Based on traditional and current views of the cranial rhythmic impulse, animal studies, and clinical findings in patients with chronic fatigue syndrome, the author argues that the cranial rhythmic impulse is the rhythm produced by a combination of cerebrospinal fluid drainage from the neuraxis (brain and spinal cord) and pulsations of central lymphatic drainage induced by the sympathetic nervous system. In addition, evidence is provided to demonstrate that a disturbed, palpable, and visible neurolymphatic process leads to chronic fatigue syndrome.
This process may also explain the pathophysiologic mechanisms leading to other disease states. Finally, the author's proposed manual treatment protocol for patients with chronic fatigue syndrome is described. Central to the principles of osteopathic medicine in the cranial field is the presence of the primary respiratory mechanism, which involves a separate palpable rhythmic motion in addition to the motion of normal breathing., Also referred to as the cranial rhythmic impulse (CRI), the primary respiratory mechanism is palpable throughout the body.
Woods and Woods, who coined the term “CRI,” recorded the average rate of the CRI as 12.47 beats, or cycles, per minute (bpm), with the rate for healthy adults ranging from 10 bpm to 14 bpm. This rate has been quoted by several authorities in the cranial field. Other studies, relying on palpation of the CRI, have recorded values between 3 bpm and 9 bpm. Nelson and coauthors recorded a mean palpated CRI rate of 4.54 bpm. They suggested that the common neurophysiologic pathway for many low-frequency oscillations exists via activity of the sympathetic nervous system.
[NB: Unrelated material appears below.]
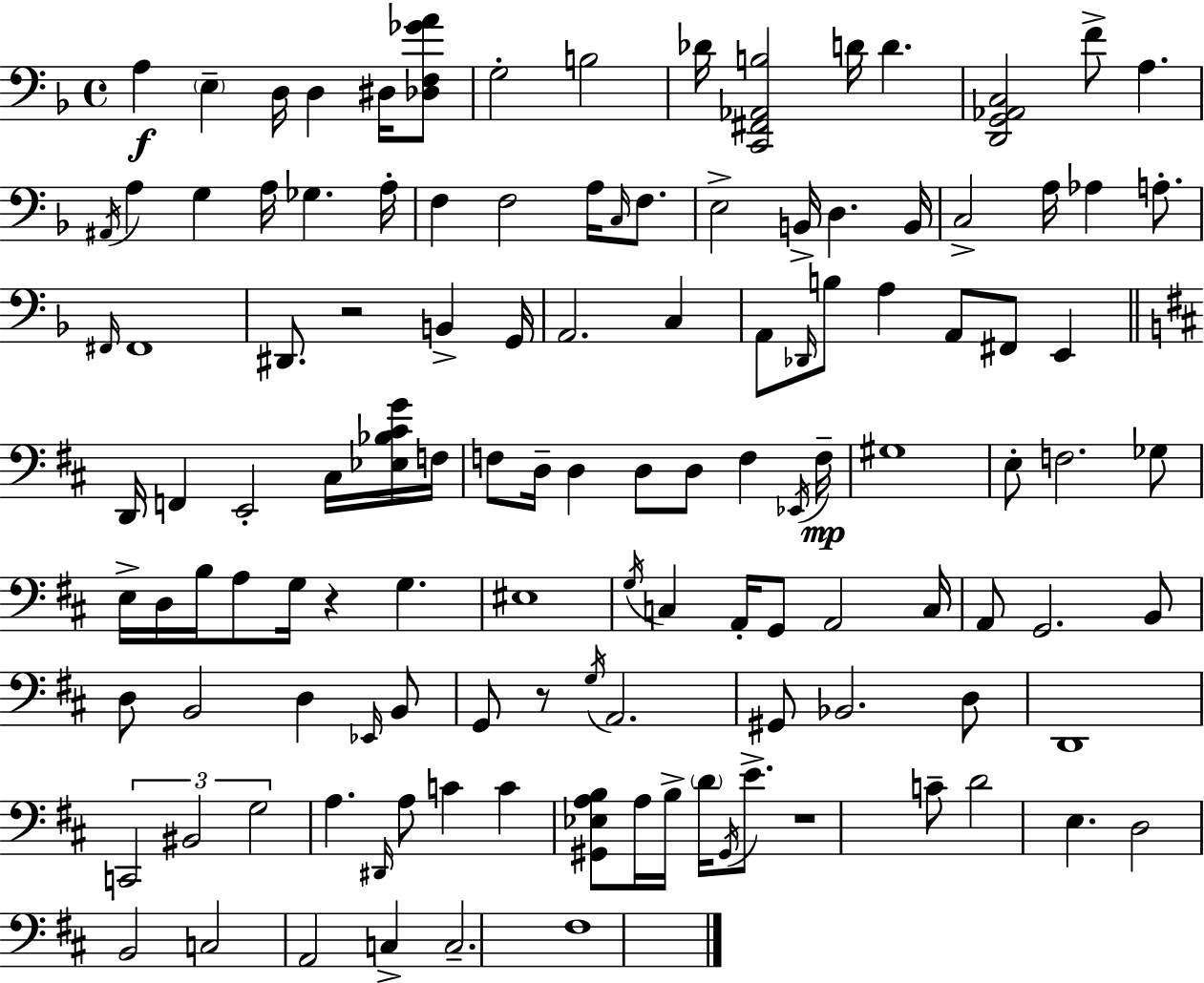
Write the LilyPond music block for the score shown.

A number of attempts have been made to explain the CRI., Nelson suggested that the intrinsic movements of cranial bones, fascia, and organs may be caused by local venomotor pulsation, the reflection of which may be palpable at the skin surface. However, the absence of contractile tissue in the veins and sinuses of the brain makes this theory difficult to accept. The cerebral veins are unique in that they possess no muscular tissue in their thin walls and have no valves. Any palpable venous pulsations in the head are possibly mere remnants of larger vasometric pulsations of the inferior vena cava and iliac vein. The cerebral veins descend from the brain into the subarachnoid space by penetrating the arachnoidea mater and the meningeal layer of the dura mater, thereby draining into the cranial venous sinuses. However, as proposed by Vern and colleagues, other underlying processes may also be at work.
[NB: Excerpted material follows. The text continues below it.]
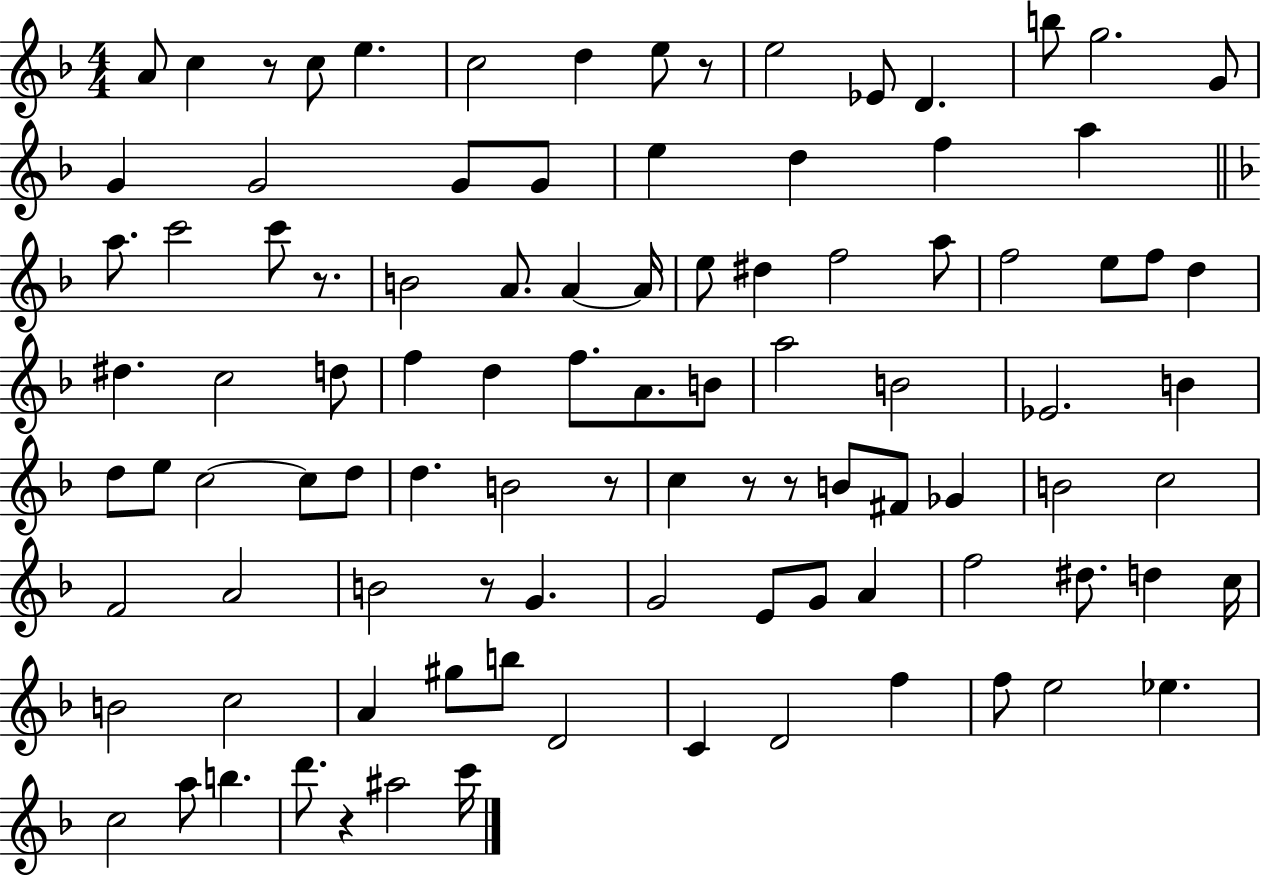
A4/e C5/q R/e C5/e E5/q. C5/h D5/q E5/e R/e E5/h Eb4/e D4/q. B5/e G5/h. G4/e G4/q G4/h G4/e G4/e E5/q D5/q F5/q A5/q A5/e. C6/h C6/e R/e. B4/h A4/e. A4/q A4/s E5/e D#5/q F5/h A5/e F5/h E5/e F5/e D5/q D#5/q. C5/h D5/e F5/q D5/q F5/e. A4/e. B4/e A5/h B4/h Eb4/h. B4/q D5/e E5/e C5/h C5/e D5/e D5/q. B4/h R/e C5/q R/e R/e B4/e F#4/e Gb4/q B4/h C5/h F4/h A4/h B4/h R/e G4/q. G4/h E4/e G4/e A4/q F5/h D#5/e. D5/q C5/s B4/h C5/h A4/q G#5/e B5/e D4/h C4/q D4/h F5/q F5/e E5/h Eb5/q. C5/h A5/e B5/q. D6/e. R/q A#5/h C6/s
Their experiments, which directly measured cortical cytochrome- c oxidase redox fluctuations in unanesthetized cats, “.strongly suggest that the cyclic increases in cortical oxidative metabolism represent the primary oscillatory process, followed by reflex hemodynamic changes.”. Contrary to the traditional concept that lymph has no pump of its own, the main lymphatic vessels are now known to be under sympathetic control., When the smooth muscle wall of the thoracic duct is stimulated, a wave of contraction is produced that aids lymphatic drainage into the subclavian vein. This drainage, in turn, produces negative pressure along the lymphatics, further assisting the process. The resulting peristaltic wave within the normal human thoracic duct was found to occur at 4 bpm with a maximum pressure of approximately 10 mm Hg, building up to 50 mm Hg when obstructed. Although it has been established that the central nervous system does not contain a true lymphatic system, there is considerable evidence for a robust fluid drainage system that is in many ways analogous to that of the lymphatic. Through this system, cerebrospinal fluid drains into the facial and spinal lymphatics.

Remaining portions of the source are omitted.